RECORDED DATA:
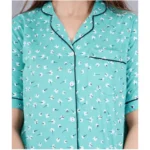 Generic Women's Casual Half Sleeve Printed Viscose Rayon Shirt With Pyjama Pant Night Suit Set (Green) - Image 3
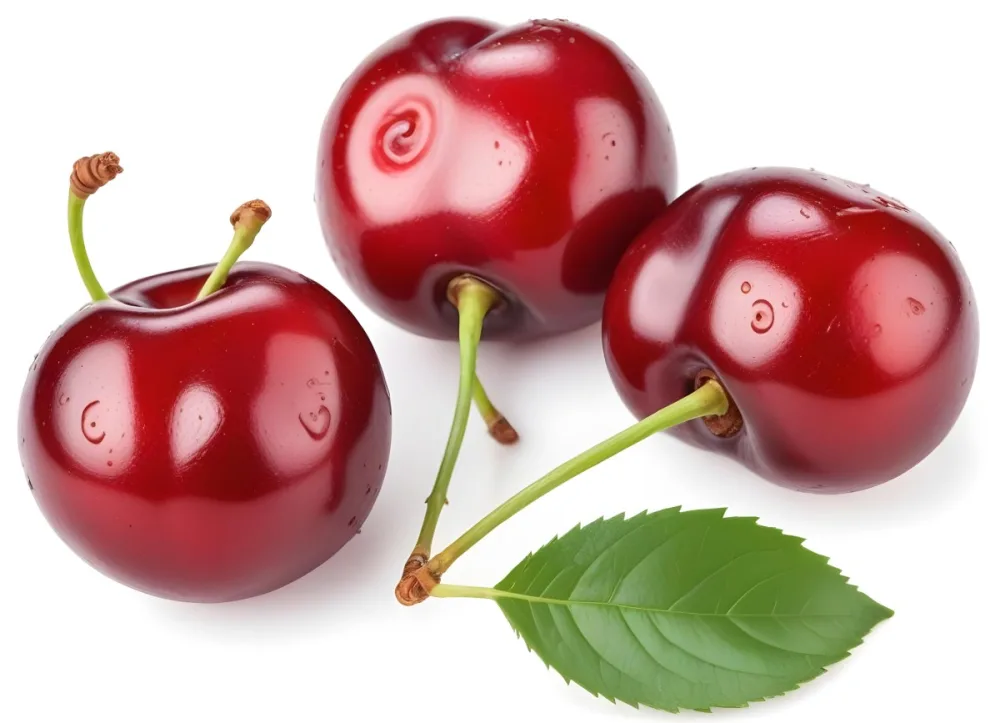 Ripe Red Cherries With Green Leaves Close Up 2 A157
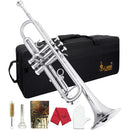 SLADE Bb Trumpet Brass Instrument Standard Brass Trumpet Set for Students Beginners Professional Trumpet Gold Silver with Box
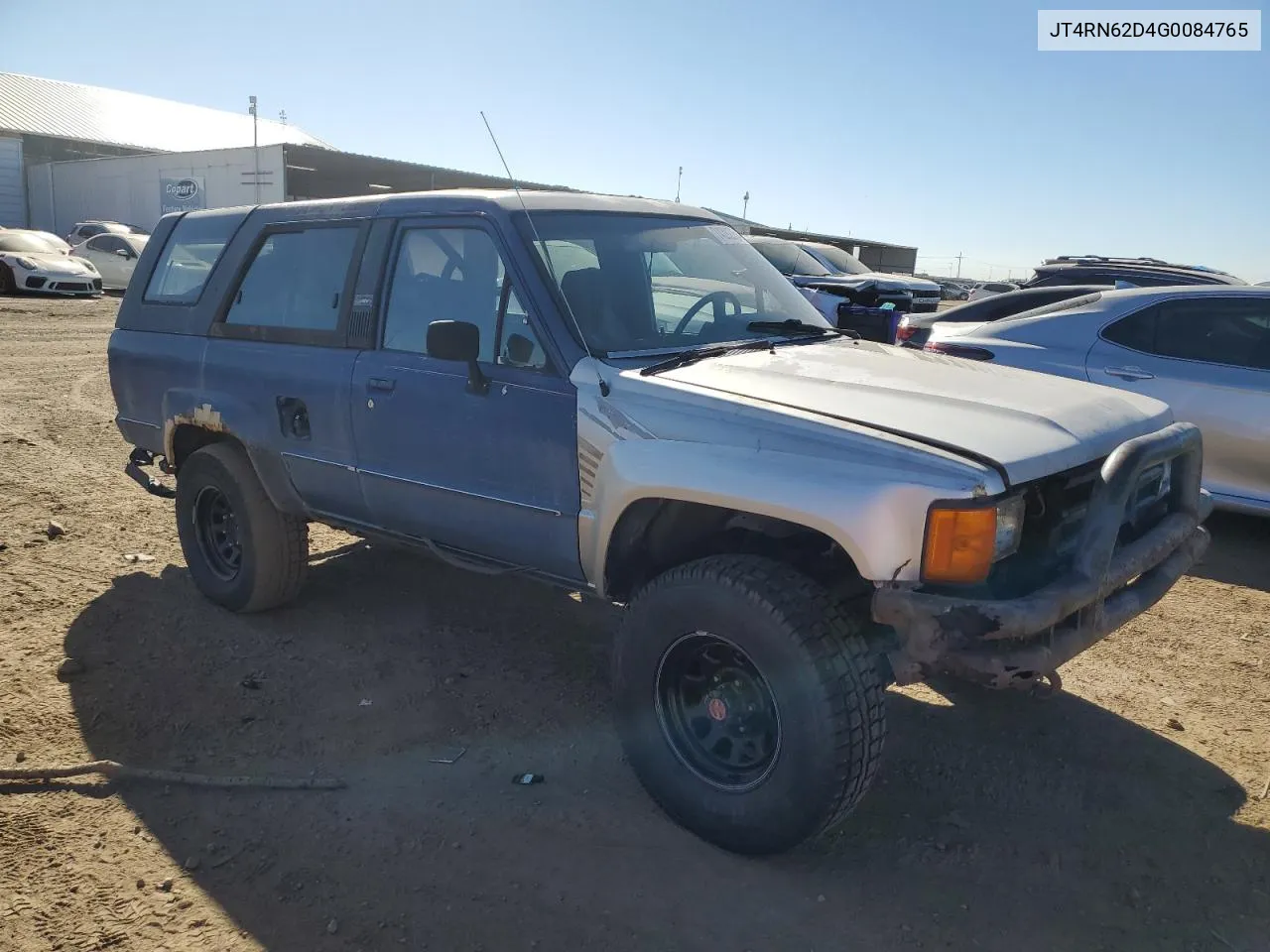 1986 Toyota 4Runner Rn60 VIN: JT4RN62D4G0084765 Lot: 74292754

HOW TO COMPLETE THIS TASK: An exact copy of every line above is needed, without the images.

ANSWER BOX:
 Generic Women's Casual Half Sleeve Printed Viscose Rayon Shirt With Pyjama Pant Night Suit Set (Green) - Image 3
 Ripe Red Cherries With Green Leaves Close Up 2 A157
 SLADE Bb Trumpet Brass Instrument Standard Brass Trumpet Set for Students Beginners Professional Trumpet Gold Silver with Box
 1986 Toyota 4Runner Rn60 VIN: JT4RN62D4G0084765 Lot: 74292754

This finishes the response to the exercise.